Osama bin Laden’s private diary has revealed plans by his terror network to hit America including striking smaller cities, targeting trains and planes and killing as many Americans as possible in a single attack.

Osama Bin Laden

Fox News quoting US intelligence sources said last night that the handwritten journal was impounded in the Pakistani hide-out of the Al Qaeda leader, following the raid of the compound and the killing of the man.

According to Fox News, the journal was part of the largest intelligence collection ever, including 100 flash drives and five computers.

Fox also reported that though Osama bin Laden lived like a prisoner in his Abbatobad home since 2005, he never yielded control of his worldwide organisation, U.S. officials said. Documents show his hand at work in every recent major Al Qaeda threat, including plots in Europe last year that had travellers and embassies on high alert, two officials said.

The information shatters the government’s conventional thinking about bin Laden, who had been regarded for years as mostly an inspirational figurehead whose years in hiding made him too marginalised to maintain operational control of the organisation he founded.

Instead, bin Laden was communicating from his walled compound in Pakistan with Al Qaeda’s offshoots, including the Yemen branch that has emerged as the leading threat to the United States, the documents indicate. Though there is no evidence yet that he was directly behind the attempted Christmas Day 2009 bombing of a Detroit-bound airliner or the nearly successful attack on cargo planes heading for Chicago and Philadelphia, it’s now clear that they bear some of bin Laden’s hallmarks.

Don’t limit attacks to New York City, he said in his writings. Consider other areas such as Los Angeles or smaller cities. Spread out the targets.

In one particularly macabre bit of mathematics, bin Laden’s writings show him musing over just how many Americans he must kill to force the U.S. to withdraw from the Arab world. He concludes that small attacks had not been enough.

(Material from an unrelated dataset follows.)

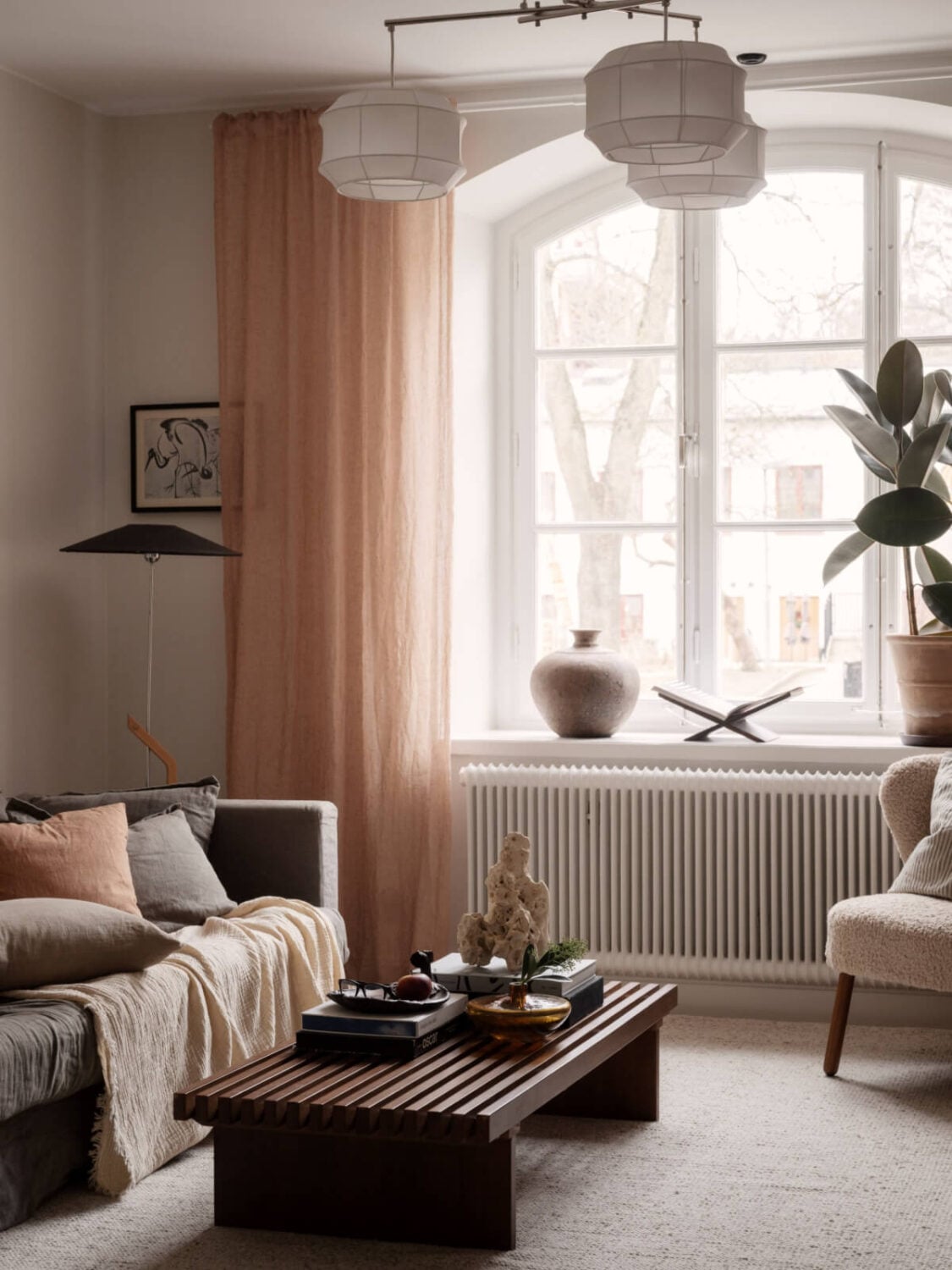 A Calm and Contemporary Apartment in a Former Office Space 2 scandi living room with light terracotta curtains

He tells his disciples that only a body count of thousands, something on the scale of the Sept. 11, 2001, attacks, would shift U.S. policy.

Al Qaeda has not named bin Laden’s successor, but all indications point to his No. 2, Ayman al-Zawahri. The question is whether al-Zawahri, or anyone, has the ability to keep so many disparate groups under the Al Qaeda banner. The groups in Somalia and Algeria, for instance, have very different goals focused on local grievances. Without bin Laden to serve as their shepherd, it’s possible Al Qaeda will further fragment.